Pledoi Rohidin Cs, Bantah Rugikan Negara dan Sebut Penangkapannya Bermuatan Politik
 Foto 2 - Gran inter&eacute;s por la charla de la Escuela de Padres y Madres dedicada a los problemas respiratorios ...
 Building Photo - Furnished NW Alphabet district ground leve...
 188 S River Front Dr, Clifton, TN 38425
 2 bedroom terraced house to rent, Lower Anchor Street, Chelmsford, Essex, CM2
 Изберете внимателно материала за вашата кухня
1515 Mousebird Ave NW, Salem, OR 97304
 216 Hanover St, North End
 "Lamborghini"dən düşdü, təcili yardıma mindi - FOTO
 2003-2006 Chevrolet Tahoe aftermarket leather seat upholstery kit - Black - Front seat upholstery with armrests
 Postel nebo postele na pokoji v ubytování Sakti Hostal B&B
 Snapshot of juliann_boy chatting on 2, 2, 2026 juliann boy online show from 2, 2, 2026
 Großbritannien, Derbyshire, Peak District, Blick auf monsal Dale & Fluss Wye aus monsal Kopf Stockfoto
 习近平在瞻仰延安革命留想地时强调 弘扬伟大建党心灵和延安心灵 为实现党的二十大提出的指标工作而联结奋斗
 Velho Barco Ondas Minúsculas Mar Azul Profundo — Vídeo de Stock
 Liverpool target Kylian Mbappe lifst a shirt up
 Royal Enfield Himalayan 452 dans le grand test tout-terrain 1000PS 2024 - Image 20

────────

__Exercise details__
Repeat verbatim the line holding "Изберете внимателно материала" and all lines after it, up to the end of the material.

__Your response__
 Изберете внимателно материала за вашата кухня
1515 Mousebird Ave NW, Salem, OR 97304
 216 Hanover St, North End
 "Lamborghini"dən düşdü, təcili yardıma mindi - FOTO
 2003-2006 Chevrolet Tahoe aftermarket leather seat upholstery kit - Black - Front seat upholstery with armrests
 Postel nebo postele na pokoji v ubytování Sakti Hostal B&B
 Snapshot of juliann_boy chatting on 2, 2, 2026 juliann boy online show from 2, 2, 2026
 Großbritannien, Derbyshire, Peak District, Blick auf monsal Dale & Fluss Wye aus monsal Kopf Stockfoto
 习近平在瞻仰延安革命留想地时强调 弘扬伟大建党心灵和延安心灵 为实现党的二十大提出的指标工作而联结奋斗
 Velho Barco Ondas Minúsculas Mar Azul Profundo — Vídeo de Stock
 Liverpool target Kylian Mbappe lifst a shirt up
 Royal Enfield Himalayan 452 dans le grand test tout-terrain 1000PS 2024 - Image 20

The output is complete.